It remains unclear precisely which treatment facility Monteith visited this year and the specifics of his program, and others connected to him were not aware if and what type of follow-up treatment he was receiving post-inpatient. But just a few days after being released from rehab this year, Monteith was pap-snapped vacationing in Mexico with girlfriend and "Glee" co-star Leah Michele.
"Sailing off on another adventure," Michele tweeted before leaving Vancouver May 4. "Putting down the electronics for the next few days.
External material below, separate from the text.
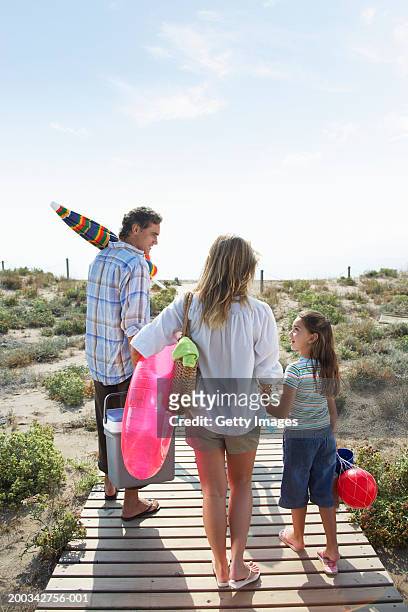 parents and daughter (6-8) on beach path carrying picnic box and toys - barcelona coast stock pictures, royalty-free photos & images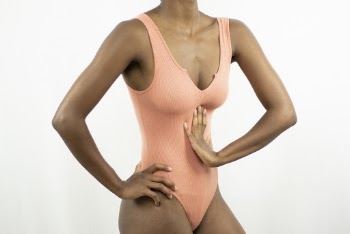 Woman Wearing Pink One-piece Swimsuit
Gonna rest up mind body and soul! See you soon!"
Experts we spoke to said in most cases a vacation is a huge post-rehab mistake.
“There is this notion that when you are in an inpatient facility and young come out that you’re fine and don’t need any post follow-up discharge, but without structure you get sucked right back into the vacuum. Most people need to go directly from residential into a community-based program. Structure is so important, so it is usually inadvisable (to go on an overseas vacation),” said Steven Horen, CEO of Koved Care, a private psychiatric care provider located in New York and California. “And 30 days of treatment usually isn’t enough if there are any underlying psychiatric issues. If someone isn’t accurately diagnosed from outset they might not pursue right treatment.”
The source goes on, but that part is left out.